The disconnect between Kaeng and ‘curry’ becomes even clearer when we examine “Yellow Curry.” In Thai, it’s called Kaeng Kari (แกงกะหรี่), or sometimes Kaeng Kari Thai. This dish originates from Southern Thailand and is frequently associated with the Muslim Thai cuisine of that region.

And, perhaps predictably, Kaeng Kari utilizes Phong Kari – curry powder – as a base flavor. This dish, Kaeng Kari, is what I would genuinely classify as a ‘Thai Curry’ in the context of “curry food”.

But unlike curry food in Hong Kong and Japan, Kaeng Kari is definitively not categorized as ‘Western food’ in Thailand. Furthermore, there are many individuals more qualified to discuss this dish than we are.

Instead, we want to explore another curry powder-based Thai dish: “Curry Powder Fried Seafood” (ทะเลผัดผงกะหรี่, Talay Pad Phong Karee). This dish is believed to be descended from “Curry Powder Fried Crab,” itself a riff on Singaporean Crab Curry – a dish potentially linked to Goan Portuguese Caril de caranguejo.

It’s a culinary journey with a few stretches, admittedly. And “Curry Powder Fried Seafood” is still not considered ‘Western food’ in Thailand; it’s firmly regarded as Thai, or perhaps Thai-Chinese if you push the categorization.
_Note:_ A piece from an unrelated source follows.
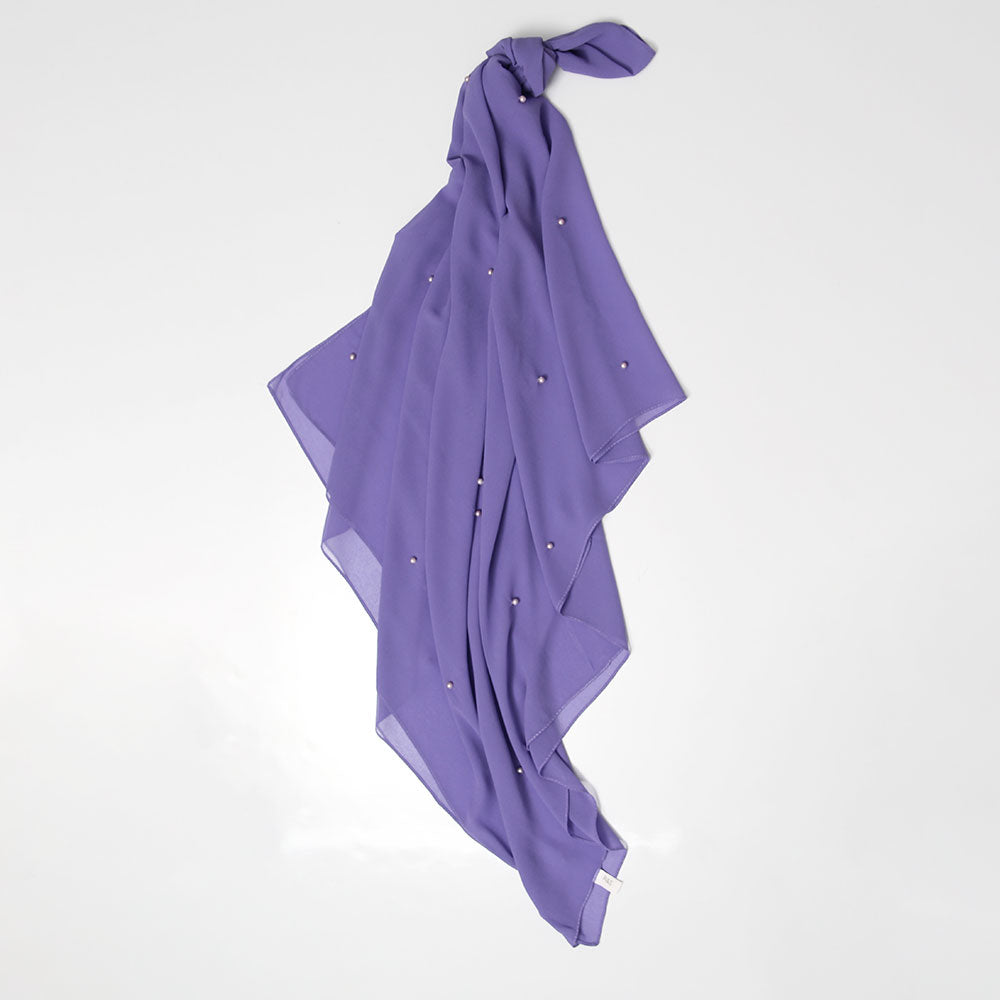 Maya Chiffon Hijabs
We’re featuring this dish primarily because it offers arguably the quickest and most accessible path to a ‘curry food’ experience.

Recipe: Thai Curry Powder Fried Seafood (ทะเลผัดผงกะหรี่) – A Quick Curry Fix

This Thai Curry Powder Fried Seafood recipe delivers a fast and flavorful curry experience, distinct from traditional Thai Kaeng.

Ingredients:

  • Squid, ~2 small.
  • Shrimp, 5-6 medium.
  • Marinade for the Shrimp:
    • Salt, 1/4 tsp
    • White pepper, 1/4 tsp
    • Cornstarch, 1/2 tsp

To make the sauce:

  • Evaporated milk, 50mL
  • Water, 50mL
  • Nam Phrik Phao (น้ำพริกเผา), Thai chili jam, 1.5 tbsp. This stuff, should be pretty available internationally.
  • Egg, 1
  • Oyster sauce, 3/4 tsp
  • Salt, 1/8 tsp
  • Chicken bouillon, 1/4 tsp
  • Shaoxing wine, 1/4 tsp. Optional.
  • Fish sauce, 1/4 tsp
  • Sugar, 1/2 tsp

For the Stir Fry:

  • Chinese celery, 1 stalk. Chopped into ~1.5 inch sections. You can also use the leafy tops of western celery.
  • Scallion, 1 sprig. Chopped into ~2 inch sections.
  • Onion, ~1/8. Cut into chunks.
  • Spicy red chili, 1-2 chilis. Sliced.
  • Curry Powder, 1/2 tbsp.
  • Sauce from above.
  • Fish sauce, to taste. Add in a little more fish sauce if it’s not salty enough.

Process:

  1. Prepare the squid: clean, then remove the bone. Cut into ~2 inch squares, then slice little groves ~2mm apart in a checkerboard pattern.
  2. Peel and butterfly the shrimp; remove the vein. Rinse, then marinate with the ‘marinade for the shrimp’.
  3. Mix the sauce ingredients together.
  4. In a wok over high heat, add ~1/4 cup of oil. Heat until bubbles rapidly form around chopsticks (~160°C). Add shrimp and fry until cooked, 30-60 seconds. Remove and set aside.
  5. Pour off all but 1.5 tbsp of oil. Return wok to high heat. Add squid and briefly fry for ~15 seconds with the just-cooked shrimp. Add celery, scallion, onion, and chili; stir-fry for ~30 seconds. Reduce heat to medium, add curry powder and the prepared sauce. Allow to come together and thicken, ~90 seconds.
  6. Season with additional fish sauce to taste, if needed.